Flooded, washed-out streets. Downed trees blocking roads. Damage wrought by tornadoes touching down in the southern part of Cherokee County in April.
All are part of inclement weather from the first several months of 2019, but state officials are predicting that from July on, the weather will be slightly dryer.
Information was requested from the Texas A&M Forest Service for a period that began Memorial Day Weekend (May 24) and concludes on Labor Day (Sept. 2), traditionally considered “summer break,” as it coincides with the break between school years for students.
According to Scott Breit, a fire weather analyst with the Texas A&M Forest Service, recent “radar rain estimates point to six to eight inches across Cherokee County since May 24, above normal rainfall – which is five inches for that period.”
And rainfall totals during the past two-week period (June 18 to July 1) at the Jacksonville Airport were 4.79 inches, or slightly below normal, he said.
Meanwhile, county residents can “expect a drier July and August overall compared to late May and June across Cherokee County, with rainfall near- to below normal,” he said. “We're estimating three to five inches during this period.”

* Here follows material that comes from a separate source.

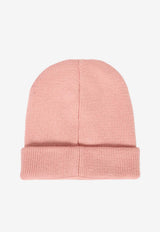 Kenzo Kids Girls Lucky Tiger Ribbed Beanie Pink K61216/47H_PINK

Breit noted that “a typical East Texas summer brings 10 to 20 inches of rain,” with higher totals in the event of a tropical cyclone whose patterns affect the local area.
“At least three to four days out of seven observe scattered p.m. thunderstorms simply due to daytime heating and available Gulf moisture,” he explained. “The trigger for storms is often a small-scale feature like old thunderstorm outflow boundaries that act like many cold fronts (do), or a daily Gulf of Mexico sea breeze that moves inland before the setting sun destroys it.

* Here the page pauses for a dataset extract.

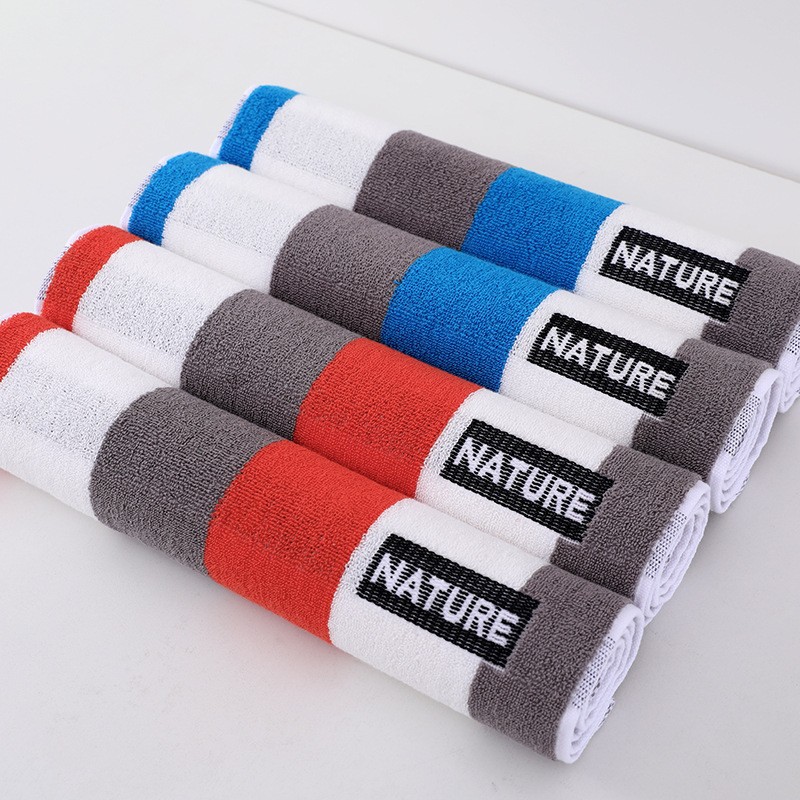 Factory 40*90 Bath Towel Big Three Fitness Exercise Big Towel Soft Absorbent Dark Lengthened Bath Towel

“This year looks to be pretty typical as excessive periods of heat and dryness,” with active tropical cyclones precluding long stretches of dryness or wetness, he said.
Officials remind folks to use caution if out and about when a thunderstorm develops.
“All thunderstorms are capable of developing quickly, generating dangerous cloud-to-ground lightning within 10 miles of its location – 'when you hear thunder, run asunder!' – and producing locally heavy downpours with considerable ponding of water on poor drainage roads,” Breit said. “Local thunderstorms will typically rain themselves out within 30 to 60 minutes and are hit-and-miss in most cases.”